CHARLES RICHARD-HAMELIN : Tous les synthés que j’avais, je les ai donnés à Charles-David. Si je devais me remettre là-dedans, il me faudrait m’équiper et je n’ai plus rien… Mon piano est trop bien accordé chez moi, il n’y a pas de vibe! (rires) À vrai dire, il n’y a tellement pas de crossover dans mon circuit. Oui, je sais que des pianistes classiques peuvent faire des musiques improvisées. Denis Matsuev? Non je trouve ça yark. Lucas Debargue, par contre, peut vraiment faire ça avec goût. Les rencontres croisées? Peut-être mais ces mondes sont tellement différents. Par exemple, je joue toujours sans amplification. Comment allier cela avec ce que fait Charles-David ? Peut-être ne suis-je vraiment pas là-dedans en ce moment… je n’arrive pas à imaginer une telle transposition sur scène.

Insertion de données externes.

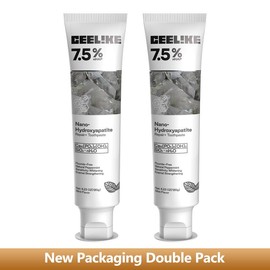 Ceelike Nano Hydroxyapatite Toothpaste | Repairs & Strengthens Enamel | Fluoride-Free & Fresh Mint | Enhances Natural Shine #springtok:_75nHAP-2PCS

CHARLES-DAVID DUBÉ : Si je peux me permettre, on a fait des jams à maintes reprises, c’était super bien! Une autre partie de toi en ressortait. Je me dis alors que ça peut vraiment être possible si tu le veux et si tu prends le temps de le faire. C’est dommage que tu rabaisses ce que tu fais dans ces moments-là. Tu trouves que ce n’es rien alors que moi je trouve ça super.
CHARLES RICHARD-HAMELIN : C’est dur d’assumer. Tu passes ta journée à jouer du Chopin, du Brahms, du Ravel, bref le meilleur qui a été fait par les humains depuis les débuts de la musique, après quoi tes affaires tu les trouves tellement poches. T’as honte de même commencer à développer quelque chose. Des fois je commence… et j’abandonne. En fait j’ai le sentiment de m’exprimer pleinement dans l’interprétation, je ne ressens pas un vide dans ma carrière qui me motiverait à m’exprimer autrement. Mais… Peut-être qu’un jour je ressentirai ce manque.
PAN M 360 : Quelle sera la suite des choses entre les deux Charles, quoi qu’il advienne professionnellement?
CHARLES-DAVID DUBÉ : Les assises de notre amitié sont très solides. Moi j’ai deux amis : Charles et Oli. Je ne ressens pas le besoin absolu d’avoir des amis, j’aime être dans mon studio les rideaux fermés mais… Charles et moi nous nous connaissons depuis plusieurs années, nous avons une compréhension assez semblable de la musique et de l’art. Mariève a aussi un lien de ce type avec le compositeur de musique contemporaine Francis Battah. Ces relations pourraient en inspirer d’autres.